Trois questions à Tamara Trampe sur la subjectivité et la différence entre le documentaire d’auteur et le reportage de télévision.

A Nyon, vous parlerez de la subjectivité dans le documentaire. Qu’entendez-vous par cela ?

Je fais une différence entre documentation et film documentaire. La documentation a une base objective. Un reportage de télévision se penche sur une question donnée en tentant d’y apporter une réponse. Le cinéma documentaire est une forme d’art et exige donc une approche artistique.

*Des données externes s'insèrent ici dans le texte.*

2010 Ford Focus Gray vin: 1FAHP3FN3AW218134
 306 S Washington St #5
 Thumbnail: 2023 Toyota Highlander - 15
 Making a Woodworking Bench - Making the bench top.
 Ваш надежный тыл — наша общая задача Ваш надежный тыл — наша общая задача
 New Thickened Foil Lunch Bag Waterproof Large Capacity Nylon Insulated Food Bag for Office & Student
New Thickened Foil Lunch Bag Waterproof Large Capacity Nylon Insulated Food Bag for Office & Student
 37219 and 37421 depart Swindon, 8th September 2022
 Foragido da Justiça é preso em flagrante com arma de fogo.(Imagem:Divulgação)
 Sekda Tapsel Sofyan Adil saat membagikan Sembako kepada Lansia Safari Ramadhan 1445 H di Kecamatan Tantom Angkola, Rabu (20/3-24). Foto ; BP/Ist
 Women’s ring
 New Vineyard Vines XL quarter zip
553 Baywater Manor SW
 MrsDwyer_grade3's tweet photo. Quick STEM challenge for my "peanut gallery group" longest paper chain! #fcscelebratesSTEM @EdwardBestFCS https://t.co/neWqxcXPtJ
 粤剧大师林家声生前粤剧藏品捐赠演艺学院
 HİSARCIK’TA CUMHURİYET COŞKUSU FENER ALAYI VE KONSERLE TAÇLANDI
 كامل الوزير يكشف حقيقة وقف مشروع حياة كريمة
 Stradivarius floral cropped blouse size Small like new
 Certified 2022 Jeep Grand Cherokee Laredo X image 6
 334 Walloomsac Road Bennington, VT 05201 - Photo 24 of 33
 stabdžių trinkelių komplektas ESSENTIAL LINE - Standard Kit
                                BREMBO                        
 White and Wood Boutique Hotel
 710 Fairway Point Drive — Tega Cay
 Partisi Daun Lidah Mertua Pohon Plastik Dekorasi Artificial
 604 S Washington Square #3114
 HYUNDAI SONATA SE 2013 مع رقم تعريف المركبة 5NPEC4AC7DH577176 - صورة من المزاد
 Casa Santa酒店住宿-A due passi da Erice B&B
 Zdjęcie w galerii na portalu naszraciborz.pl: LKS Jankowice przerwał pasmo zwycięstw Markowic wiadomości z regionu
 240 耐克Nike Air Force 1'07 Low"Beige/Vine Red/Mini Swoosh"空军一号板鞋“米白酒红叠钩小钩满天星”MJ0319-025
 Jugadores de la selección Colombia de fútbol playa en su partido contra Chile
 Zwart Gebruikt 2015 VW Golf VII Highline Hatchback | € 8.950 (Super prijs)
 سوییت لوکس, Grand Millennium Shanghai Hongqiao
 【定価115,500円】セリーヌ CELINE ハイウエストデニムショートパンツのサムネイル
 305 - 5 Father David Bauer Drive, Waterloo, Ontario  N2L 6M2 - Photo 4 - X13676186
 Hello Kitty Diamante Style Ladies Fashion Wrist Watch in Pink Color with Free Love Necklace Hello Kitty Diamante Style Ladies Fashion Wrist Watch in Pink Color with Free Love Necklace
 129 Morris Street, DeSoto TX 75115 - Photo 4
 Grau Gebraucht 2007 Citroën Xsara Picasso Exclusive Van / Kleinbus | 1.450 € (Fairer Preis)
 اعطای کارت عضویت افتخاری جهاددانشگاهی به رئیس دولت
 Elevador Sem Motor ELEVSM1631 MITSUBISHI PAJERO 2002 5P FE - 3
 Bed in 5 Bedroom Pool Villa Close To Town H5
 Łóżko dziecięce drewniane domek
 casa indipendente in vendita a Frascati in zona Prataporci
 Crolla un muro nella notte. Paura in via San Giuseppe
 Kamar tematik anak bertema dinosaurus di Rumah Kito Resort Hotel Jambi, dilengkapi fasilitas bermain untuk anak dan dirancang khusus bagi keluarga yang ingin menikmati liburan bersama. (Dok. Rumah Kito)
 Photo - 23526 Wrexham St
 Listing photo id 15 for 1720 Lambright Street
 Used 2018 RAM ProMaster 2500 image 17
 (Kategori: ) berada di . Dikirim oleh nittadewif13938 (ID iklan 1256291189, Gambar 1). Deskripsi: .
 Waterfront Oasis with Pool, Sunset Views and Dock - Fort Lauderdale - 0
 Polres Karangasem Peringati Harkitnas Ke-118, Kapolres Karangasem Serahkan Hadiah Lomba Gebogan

Vous faites donc une différence entre un entretien issu d’une approche journalistique et une rencontre ?

Exactement. Mais ce n’est pas un jugement de valeur. Les deux genres sont tout aussi importants, ce sont simplement différentes manières de procéder. L’essentiel pour moi est la curiosité, l’esprit d’ouverture. Ce qui m’intéresse, c’est ce que nous avons en commun dans les questions que nous nous posons, dans nos vies, dans nos blessures. Je ne fais donc pas d’entretiens : je mène des conversations en cherchant un niveau sur lequel nous pouvons nous rencontrer, où peuvent naître les sentiments, la tendresse, la chaleur. Je suis très reconnaissante lorsque des personnes sont prêtes à me parler de leur vie. Je travaille des questions qui me préoccupent personnellement. Mais suis-je assez courageuse pour me confronter à moi-même, ou ne fais-je que questionner les autres ? Certains réalisateurs posent une même question cinq fois afin d’obtenir exactement la réponse qu’ils veulent. Cette approche m’est complètement étrangère.

Dans la description de votre atelier, on peut lire que « chaque matière exige une approche qui lui soit propre ». Est-ce vrai ? Ne recourt-on pas toujours aux mêmes formes, qui ont fait leurs preuves ?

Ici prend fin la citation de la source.